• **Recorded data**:
= = = = = = =

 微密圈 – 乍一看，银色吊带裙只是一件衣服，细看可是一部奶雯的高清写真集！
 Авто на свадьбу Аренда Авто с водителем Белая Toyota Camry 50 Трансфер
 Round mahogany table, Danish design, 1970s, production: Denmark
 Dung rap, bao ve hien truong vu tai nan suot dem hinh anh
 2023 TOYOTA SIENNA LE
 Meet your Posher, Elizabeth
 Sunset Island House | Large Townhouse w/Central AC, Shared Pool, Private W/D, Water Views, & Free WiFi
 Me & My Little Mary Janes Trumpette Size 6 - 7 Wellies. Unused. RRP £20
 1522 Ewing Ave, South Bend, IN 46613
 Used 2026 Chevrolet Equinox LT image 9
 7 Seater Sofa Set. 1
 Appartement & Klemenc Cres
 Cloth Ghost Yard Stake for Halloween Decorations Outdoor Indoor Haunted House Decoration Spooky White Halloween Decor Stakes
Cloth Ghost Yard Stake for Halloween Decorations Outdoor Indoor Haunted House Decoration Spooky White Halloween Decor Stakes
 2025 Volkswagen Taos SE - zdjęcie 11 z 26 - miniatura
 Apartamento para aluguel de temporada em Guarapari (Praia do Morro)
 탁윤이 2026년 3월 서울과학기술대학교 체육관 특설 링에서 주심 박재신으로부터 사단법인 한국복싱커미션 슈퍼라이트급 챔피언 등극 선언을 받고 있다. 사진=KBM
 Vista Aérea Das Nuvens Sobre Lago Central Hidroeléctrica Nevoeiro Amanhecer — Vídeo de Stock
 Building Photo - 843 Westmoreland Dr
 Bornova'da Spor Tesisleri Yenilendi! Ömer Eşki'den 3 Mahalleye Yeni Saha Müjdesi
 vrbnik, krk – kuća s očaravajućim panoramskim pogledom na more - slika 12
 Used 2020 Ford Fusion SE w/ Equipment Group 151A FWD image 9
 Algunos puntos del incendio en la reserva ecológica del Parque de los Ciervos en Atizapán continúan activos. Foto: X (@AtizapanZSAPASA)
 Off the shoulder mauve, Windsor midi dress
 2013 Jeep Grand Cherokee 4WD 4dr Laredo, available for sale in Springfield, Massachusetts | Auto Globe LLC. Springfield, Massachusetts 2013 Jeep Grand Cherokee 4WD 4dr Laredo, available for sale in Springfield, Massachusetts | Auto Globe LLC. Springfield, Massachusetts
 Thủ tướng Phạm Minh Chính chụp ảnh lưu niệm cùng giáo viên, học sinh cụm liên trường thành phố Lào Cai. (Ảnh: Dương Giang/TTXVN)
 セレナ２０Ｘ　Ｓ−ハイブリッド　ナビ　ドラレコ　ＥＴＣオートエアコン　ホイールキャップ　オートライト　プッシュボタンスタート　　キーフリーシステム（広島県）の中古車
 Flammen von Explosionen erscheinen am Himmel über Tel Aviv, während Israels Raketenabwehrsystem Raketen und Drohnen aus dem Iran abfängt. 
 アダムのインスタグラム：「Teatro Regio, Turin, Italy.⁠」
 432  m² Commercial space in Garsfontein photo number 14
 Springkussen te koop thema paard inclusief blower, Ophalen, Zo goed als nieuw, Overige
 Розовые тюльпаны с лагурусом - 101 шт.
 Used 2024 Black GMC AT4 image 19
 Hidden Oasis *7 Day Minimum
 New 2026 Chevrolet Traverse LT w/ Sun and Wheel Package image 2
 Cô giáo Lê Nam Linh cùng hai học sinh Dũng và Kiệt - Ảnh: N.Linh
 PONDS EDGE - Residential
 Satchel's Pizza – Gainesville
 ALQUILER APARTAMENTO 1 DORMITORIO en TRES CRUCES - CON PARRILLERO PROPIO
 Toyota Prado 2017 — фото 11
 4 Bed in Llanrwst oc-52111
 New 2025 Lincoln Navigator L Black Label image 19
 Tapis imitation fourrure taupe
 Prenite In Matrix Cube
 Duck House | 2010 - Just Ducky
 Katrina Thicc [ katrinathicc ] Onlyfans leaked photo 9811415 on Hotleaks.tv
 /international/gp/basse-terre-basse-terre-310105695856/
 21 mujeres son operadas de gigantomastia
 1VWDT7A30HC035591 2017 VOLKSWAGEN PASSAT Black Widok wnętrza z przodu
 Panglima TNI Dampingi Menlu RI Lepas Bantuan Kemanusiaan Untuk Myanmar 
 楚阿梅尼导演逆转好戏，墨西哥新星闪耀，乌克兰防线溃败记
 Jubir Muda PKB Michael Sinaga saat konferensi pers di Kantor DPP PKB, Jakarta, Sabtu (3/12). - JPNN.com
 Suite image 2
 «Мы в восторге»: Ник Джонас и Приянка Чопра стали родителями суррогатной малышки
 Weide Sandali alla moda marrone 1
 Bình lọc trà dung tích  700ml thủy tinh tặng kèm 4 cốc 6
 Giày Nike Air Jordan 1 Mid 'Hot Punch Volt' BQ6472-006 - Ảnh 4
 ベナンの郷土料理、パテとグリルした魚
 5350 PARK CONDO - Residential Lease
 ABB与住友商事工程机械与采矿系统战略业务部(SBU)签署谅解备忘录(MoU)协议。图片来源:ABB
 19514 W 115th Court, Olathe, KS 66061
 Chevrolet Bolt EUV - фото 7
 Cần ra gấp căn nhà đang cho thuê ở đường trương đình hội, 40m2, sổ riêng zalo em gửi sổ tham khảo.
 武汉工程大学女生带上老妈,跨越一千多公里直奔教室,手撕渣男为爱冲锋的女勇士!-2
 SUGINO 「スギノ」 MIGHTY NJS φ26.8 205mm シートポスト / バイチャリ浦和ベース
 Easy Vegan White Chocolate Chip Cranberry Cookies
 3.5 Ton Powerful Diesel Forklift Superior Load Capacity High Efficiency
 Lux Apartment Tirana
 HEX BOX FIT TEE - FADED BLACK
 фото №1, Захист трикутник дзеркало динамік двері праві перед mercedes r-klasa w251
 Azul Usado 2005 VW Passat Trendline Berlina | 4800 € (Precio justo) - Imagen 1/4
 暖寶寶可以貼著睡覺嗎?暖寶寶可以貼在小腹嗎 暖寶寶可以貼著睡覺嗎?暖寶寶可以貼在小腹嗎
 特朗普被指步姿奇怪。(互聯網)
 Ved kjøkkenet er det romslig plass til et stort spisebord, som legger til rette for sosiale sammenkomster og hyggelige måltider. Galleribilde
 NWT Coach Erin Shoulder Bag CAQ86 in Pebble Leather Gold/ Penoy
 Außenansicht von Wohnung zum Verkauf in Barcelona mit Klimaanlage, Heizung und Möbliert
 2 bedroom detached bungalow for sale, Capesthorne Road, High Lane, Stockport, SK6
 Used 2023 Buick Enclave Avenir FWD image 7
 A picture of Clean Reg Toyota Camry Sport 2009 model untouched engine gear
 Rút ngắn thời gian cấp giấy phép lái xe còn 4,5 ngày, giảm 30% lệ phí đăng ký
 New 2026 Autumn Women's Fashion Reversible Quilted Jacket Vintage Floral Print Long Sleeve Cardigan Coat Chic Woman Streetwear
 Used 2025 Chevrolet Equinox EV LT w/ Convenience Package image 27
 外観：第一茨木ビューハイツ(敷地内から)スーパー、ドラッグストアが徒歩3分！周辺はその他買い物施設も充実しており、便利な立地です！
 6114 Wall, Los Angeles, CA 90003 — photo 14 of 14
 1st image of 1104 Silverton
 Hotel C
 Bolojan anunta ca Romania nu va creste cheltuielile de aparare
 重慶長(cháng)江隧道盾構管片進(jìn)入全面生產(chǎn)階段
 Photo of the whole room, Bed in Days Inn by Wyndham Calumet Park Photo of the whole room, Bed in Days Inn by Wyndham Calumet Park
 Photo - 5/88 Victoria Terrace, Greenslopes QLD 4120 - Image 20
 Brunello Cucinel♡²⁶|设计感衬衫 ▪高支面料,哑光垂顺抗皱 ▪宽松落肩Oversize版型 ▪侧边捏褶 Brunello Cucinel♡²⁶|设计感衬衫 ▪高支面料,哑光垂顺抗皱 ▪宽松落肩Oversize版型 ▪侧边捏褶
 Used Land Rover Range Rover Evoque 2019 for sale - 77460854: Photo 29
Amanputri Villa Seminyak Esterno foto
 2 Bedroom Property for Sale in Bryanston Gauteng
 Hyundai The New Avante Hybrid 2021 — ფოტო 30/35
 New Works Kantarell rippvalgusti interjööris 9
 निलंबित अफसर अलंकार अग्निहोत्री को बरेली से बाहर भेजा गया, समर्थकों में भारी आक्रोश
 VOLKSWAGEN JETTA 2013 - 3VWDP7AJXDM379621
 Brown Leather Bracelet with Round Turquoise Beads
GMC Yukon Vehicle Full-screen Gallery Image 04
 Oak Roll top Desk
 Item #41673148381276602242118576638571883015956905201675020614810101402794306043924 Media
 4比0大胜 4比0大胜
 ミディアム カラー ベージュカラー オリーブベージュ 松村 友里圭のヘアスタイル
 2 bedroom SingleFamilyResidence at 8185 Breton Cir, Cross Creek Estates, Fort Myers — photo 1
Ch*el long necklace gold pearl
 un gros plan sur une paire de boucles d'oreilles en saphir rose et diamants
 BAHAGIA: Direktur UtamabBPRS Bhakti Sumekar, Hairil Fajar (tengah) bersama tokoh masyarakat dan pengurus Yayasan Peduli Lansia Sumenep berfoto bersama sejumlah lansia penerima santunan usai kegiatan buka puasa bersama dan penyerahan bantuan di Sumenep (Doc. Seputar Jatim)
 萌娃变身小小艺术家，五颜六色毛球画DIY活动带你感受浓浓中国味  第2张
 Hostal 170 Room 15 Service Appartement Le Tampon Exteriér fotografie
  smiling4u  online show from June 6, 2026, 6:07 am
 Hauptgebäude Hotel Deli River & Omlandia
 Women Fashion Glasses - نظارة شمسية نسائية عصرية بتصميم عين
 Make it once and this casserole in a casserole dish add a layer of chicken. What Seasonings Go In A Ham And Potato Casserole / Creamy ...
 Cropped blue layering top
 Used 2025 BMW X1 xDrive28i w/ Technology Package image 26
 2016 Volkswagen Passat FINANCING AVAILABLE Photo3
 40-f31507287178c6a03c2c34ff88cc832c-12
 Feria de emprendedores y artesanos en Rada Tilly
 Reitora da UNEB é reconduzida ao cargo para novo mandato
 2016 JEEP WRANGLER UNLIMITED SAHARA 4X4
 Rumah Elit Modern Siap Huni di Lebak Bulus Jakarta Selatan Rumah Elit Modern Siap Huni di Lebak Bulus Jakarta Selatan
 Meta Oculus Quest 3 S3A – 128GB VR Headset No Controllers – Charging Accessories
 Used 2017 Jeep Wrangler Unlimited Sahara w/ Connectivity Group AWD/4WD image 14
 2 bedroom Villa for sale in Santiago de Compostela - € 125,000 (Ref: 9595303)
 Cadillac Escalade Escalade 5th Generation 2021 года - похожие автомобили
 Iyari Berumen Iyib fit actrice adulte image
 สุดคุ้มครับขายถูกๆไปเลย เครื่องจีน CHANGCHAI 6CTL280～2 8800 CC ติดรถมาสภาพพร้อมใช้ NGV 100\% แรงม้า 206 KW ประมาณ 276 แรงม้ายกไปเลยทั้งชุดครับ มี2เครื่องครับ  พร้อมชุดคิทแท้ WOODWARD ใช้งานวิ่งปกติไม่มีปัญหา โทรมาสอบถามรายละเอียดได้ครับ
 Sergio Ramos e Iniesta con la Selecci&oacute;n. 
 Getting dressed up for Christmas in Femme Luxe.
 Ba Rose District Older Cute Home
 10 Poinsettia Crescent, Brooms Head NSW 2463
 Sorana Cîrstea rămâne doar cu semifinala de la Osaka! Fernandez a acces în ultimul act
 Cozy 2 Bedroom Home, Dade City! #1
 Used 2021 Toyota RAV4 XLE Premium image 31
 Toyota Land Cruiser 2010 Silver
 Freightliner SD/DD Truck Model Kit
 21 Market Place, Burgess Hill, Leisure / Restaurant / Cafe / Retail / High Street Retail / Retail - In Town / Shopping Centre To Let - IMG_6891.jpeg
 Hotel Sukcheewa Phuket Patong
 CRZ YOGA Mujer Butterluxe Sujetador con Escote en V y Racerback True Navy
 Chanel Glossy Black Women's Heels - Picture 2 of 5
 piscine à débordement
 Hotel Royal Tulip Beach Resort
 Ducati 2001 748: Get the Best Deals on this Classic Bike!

= = = = = = =

• **Assignment**: What is needed is every line from the beginning of the data up to and including the line with "Appartement & Klemenc Cres", given again word for word.

• **Response area**:
 微密圈 – 乍一看，银色吊带裙只是一件衣服，细看可是一部奶雯的高清写真集！
 Авто на свадьбу Аренда Авто с водителем Белая Toyota Camry 50 Трансфер
 Round mahogany table, Danish design, 1970s, production: Denmark
 Dung rap, bao ve hien truong vu tai nan suot dem hinh anh
 2023 TOYOTA SIENNA LE
 Meet your Posher, Elizabeth
 Sunset Island House | Large Townhouse w/Central AC, Shared Pool, Private W/D, Water Views, & Free WiFi
 Me & My Little Mary Janes Trumpette Size 6 - 7 Wellies. Unused. RRP £20
 1522 Ewing Ave, South Bend, IN 46613
 Used 2026 Chevrolet Equinox LT image 9
 7 Seater Sofa Set. 1
 Appartement & Klemenc Cres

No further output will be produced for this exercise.